5.The UFSAR and appropriate DBDs (IA, Main Feedwater, AFIS and Design Basis Events) will be revised to reflect the functions of IA and the FCVs to mitigate the MSLB scenarios and to clarify and improve the documentation of the MSLB licensing basis.

None of the corrective actions identified to date are considered an NRC Commitment item. There are no NRC Commitment items contained in this LER.

SAFETY ANALYSIS

There were no actual safety system functional failures associated with this event. However, this event scenario represents a potential failure on each of the three ONS units; therefore this event will count as three (3) safety system functional failures for the NRC/INPO Performance Indicator (PI) program.

MFW isolation is credited for some aspects of a MSLB inside containment event but not for other aspects. Specifically it is credited for control of steam generator tube stresses but is not credited for offsite dose, since the limiting scenario for offsite dose is a break outside containment.

Safety Analysis performed an analysis of the small MSLB with LOOP assuming the FCVs cannot be closed.
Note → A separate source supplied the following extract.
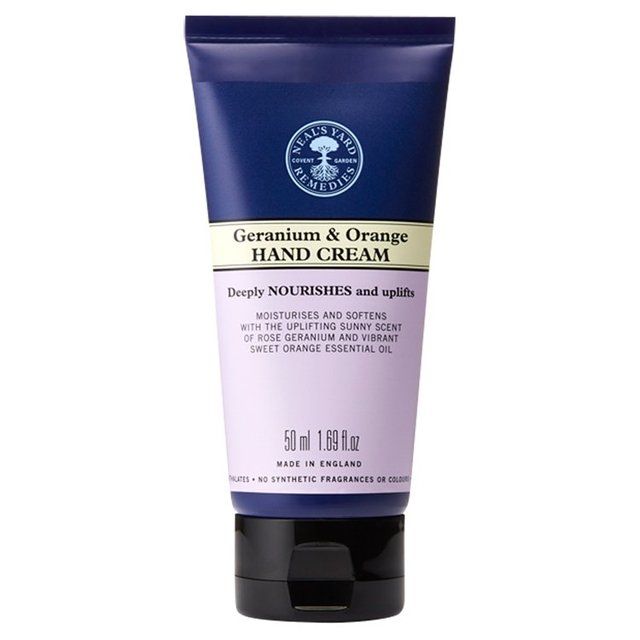 Neal's Yard Geranium & Orange Hand Cream    50ml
The peak pressure for the largest break that does not actuate AFIS within 2 minutes is 106.2 psig (0.6 ft2 break). The containment pressure and temperature exceeds the Environment Qualification (EQ) envelope curve.
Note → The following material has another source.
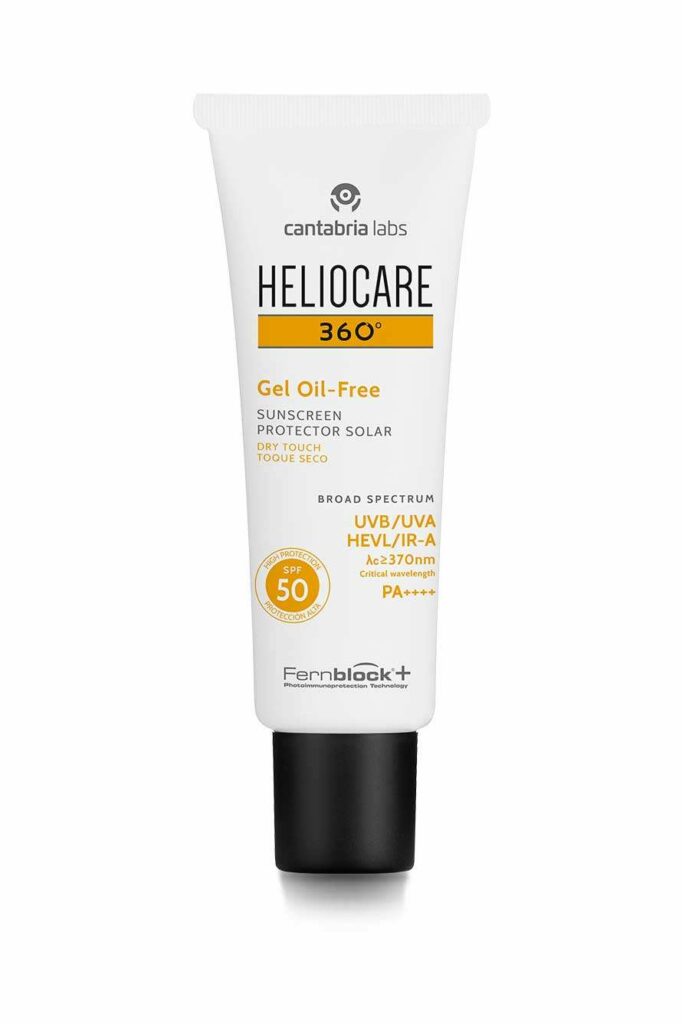 Heliocare 360º SPF 50+ gel oil-free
Operation outside the EQ envelope has a potential impact on the Reactor Building Cooling Units [EIIS:BK]. The Reactor Building Cooling Unit fan motors were replaced on all three units approximately two years ago. It would take significant analysis or testing to determine if the new RBCU motors would fail due to the expected environmental conditions during this postulated scenario.

However, it is known that the old motors did not have much EQ margin and it is assumed that they would have failed under the conditions of this scenario. The principle impact of this postulated failure is that the main mode of cooling the containment atmosphere would be lost, thus extending the duration of the exposure of other equipment to high temperatures. Thus there is increased potential for failure of additional components, but no potential failure was identified which would affect core cooling via Main/Emergency FDW or Reactor Coolant System [EIIS:AB](RCS) integrity, so there is no anticipated increase in radiological consequences (which therefore remain bounded by the large MSLB outside containment scenario).
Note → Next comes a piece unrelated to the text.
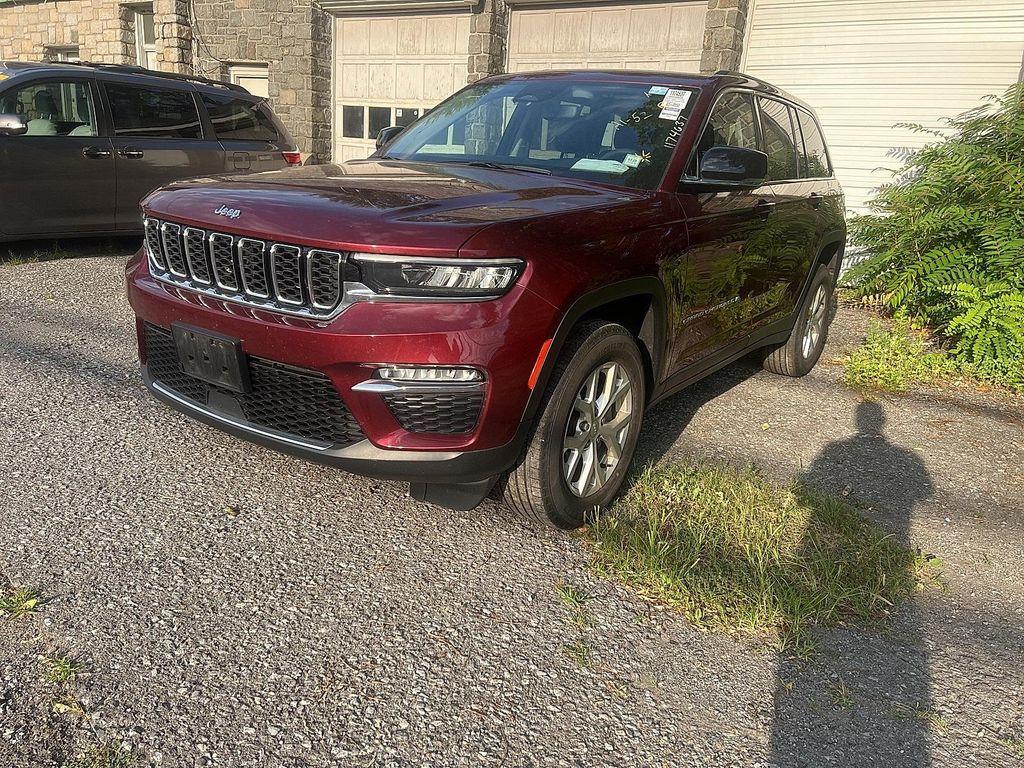 used 2023 Jeep Grand Cherokee car, priced at $29,296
The risk impact of the AFIS design deficiency is very low. The deficiency is judged to have no material impact on the core damage frequency (CDF). The frequency of a main steam line break leading to core damage is reported in the Oconee PRA Revision 2 at less than 1E-08. Even if this entire CDF were conservatively considered to lead to a large early release frequency(LERF), the resulting impact would fall well below the risk significant LERF threshold 1E-07.

When additional factors are considered such as the specific break size and location, the actual impact is expected to be considerably less. In particular, the Oconee containment has been shown to be very robust under overpressure conditions (Reference: Oconee IPE Submittal, Volume III, Appendix G, "Containment Capacity Assessment"). Up to a pressure of approximately 107 psig, the estimated probability of containment failure is less than 1 percent. The mean containment failure pressure is estimated to be 144 psig. Any contribution to LERF would be expected to be at least 2 orders of magnitude below the CDF contribution.

Therefore, there was no actual impact on the health and safety of the public due to this event.

ADDITIONAL INFORMATION

This event is considered recurring. Licensee Event Report 269/2002-04, (submitted September 9, 2002 and withdrawn October 14, 2003) addressed a potential loss of safety function due to deficient guidance contained in the EOP, with a root cause of deficient documentation because design documents, such as the system DBD, were not revised to document a known problem. The events leading to this report occurred prior to the events of LER 269/2002-04; therefore none of the corrective actions from that event could have prevented this event.

There were no releases of radioactive materials, radiation exposures or personnel injuries associated with this event.

This event is not considered reportable under the Equipment Performance and Information Exchange (EPIX) program.